Egg allergy is one of the most common childhood food allergies. Most children develop a tolerance for eggs, but some continue to experience sensitivity into adulthood. Symptoms range from mild to life threatening, including:
1. Skin rash,
2. Hives,
3. Vomiting,
4. Inflamed nasal passages,
5. Rare cases of anaphylaxis, which is a severe systemic allergic reaction.
Mild allergic reactions may be much less of problem than a case of the flu. Therefore, medical researchers are taking a second look at whether the flu shot is safe for individuals with egg allergy.

In a Canadian study of 830 patients with confirmed egg allergy, flu shots did not cause any cases of anaphylaxis. Patients with a history of respiratory or cardiovascular reactions to eggs were vaccinated with two shots, 30 minutes apart. The first shot contained only 10 percent of the normal dose, and the second contained the remaining 90 percent. All subjects were observed for 60 minutes after vaccination, and assessed for delayed reactions 24 hours later.
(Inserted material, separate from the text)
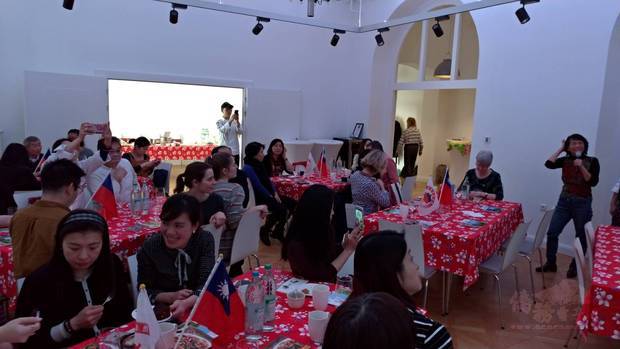 客家美食辦桌活動情形，楊櫻鳳現場中德文口譯（右一）。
Nine patients had minor allergic reactions and were treated with antihistamines. Three others were treated with salbutamol for respiratory reactions.

The Mayo Clinic web site recommends that you consult your doctor before getting the flu shot if you or your child has egg allergies. A skin test can help predict your risk of allergic reaction. If the test is positive, you may want to choose the divided dose option with at least 30 minutes of observation in a doctor's office, where you or your child can be treated for allergic reactions.


1. Gagnon R et al, “Safe vaccination of patients with egg allergy with an adjuvanted pandemic H1N1 vaccine”, J Allergy Clin Immunol. 2010 Aug; 126(2): 317-23.

2. Benhamou AH et al, “State of the art and new horizons in the diagnosis and management of egg allergy”, Allergy. 2010 Mar; 65(3): 283-9.

3. More information online:

Linda Fugate is a scientist and writer in Austin, Texas. She has a Ph.D. in Physics and an M.S. in Macromolecular Science and Engineering. Her background includes academic and industrial research in materials science. She currently writes song lyrics and health articles.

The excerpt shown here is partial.